DATA TO EXAMINE below:

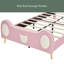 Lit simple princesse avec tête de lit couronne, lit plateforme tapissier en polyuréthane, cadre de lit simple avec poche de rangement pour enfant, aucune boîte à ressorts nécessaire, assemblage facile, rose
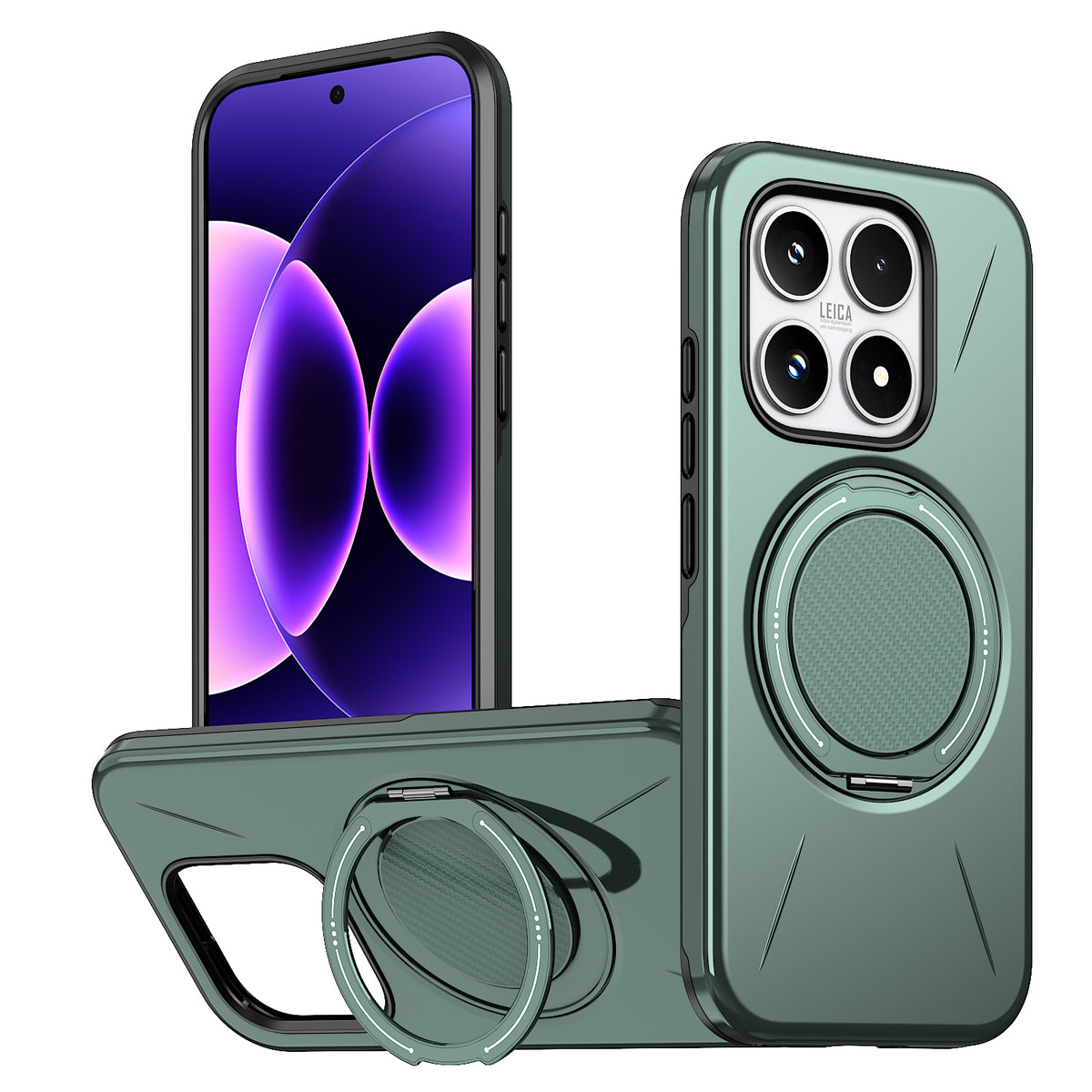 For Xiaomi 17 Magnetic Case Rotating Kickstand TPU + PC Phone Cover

End of DATA TO EXAMINE.
DATA TO EXAMINE below:

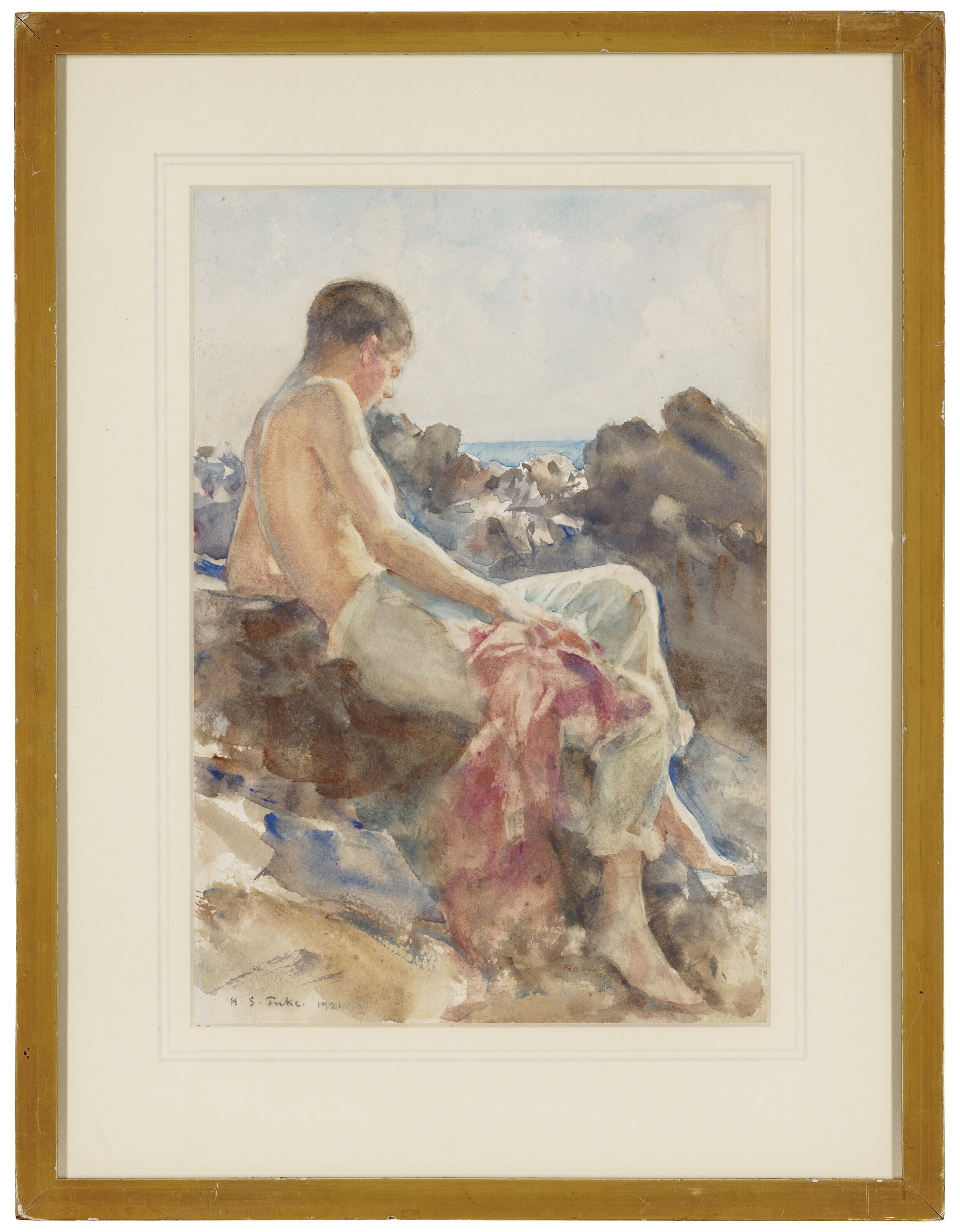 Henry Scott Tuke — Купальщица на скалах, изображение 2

End of DATA TO EXAMINE.
DATA TO EXAMINE below:

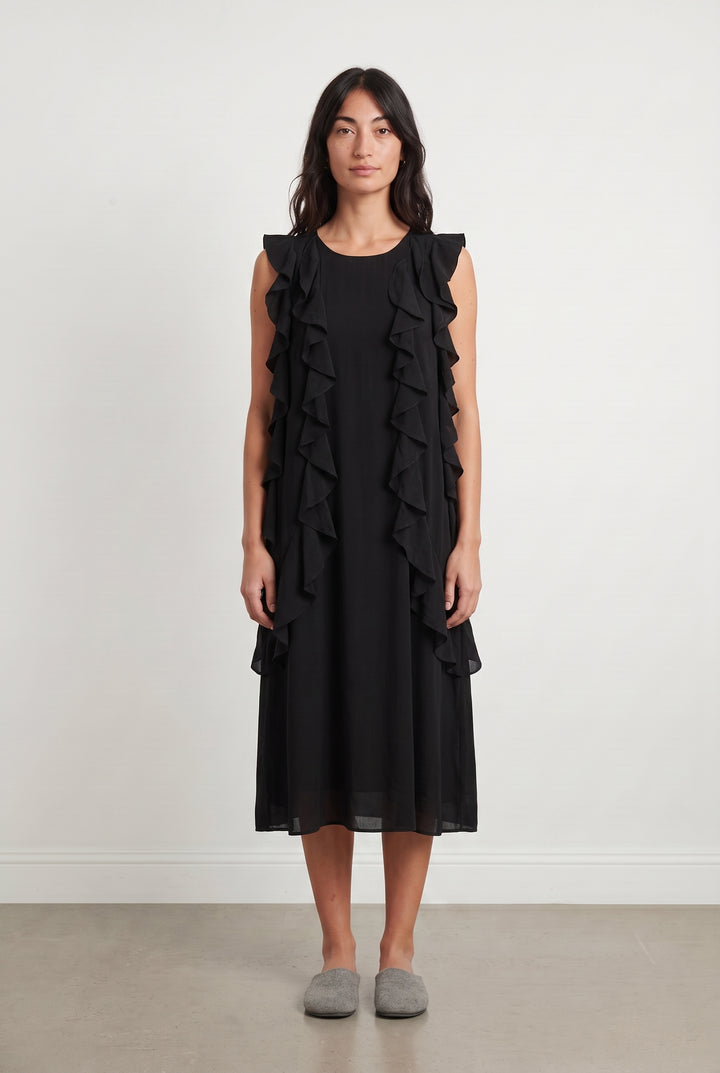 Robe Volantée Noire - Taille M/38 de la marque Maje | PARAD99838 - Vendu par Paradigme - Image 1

End of DATA TO EXAMINE.

EXERCISE OBJECTIVE → Using the entries above, repeat exactly the lines from the one with "Lit simple princesse" to the one with "For Xiaomi 17", both included, and leave the pictures behind.

TASK SOLUTION →
 Lit simple princesse avec tête de lit couronne, lit plateforme tapissier en polyuréthane, cadre de lit simple avec poche de rangement pour enfant, aucune boîte à ressorts nécessaire, assemblage facile, rose
 For Xiaomi 17 Magnetic Case Rotating Kickstand TPU + PC Phone Cover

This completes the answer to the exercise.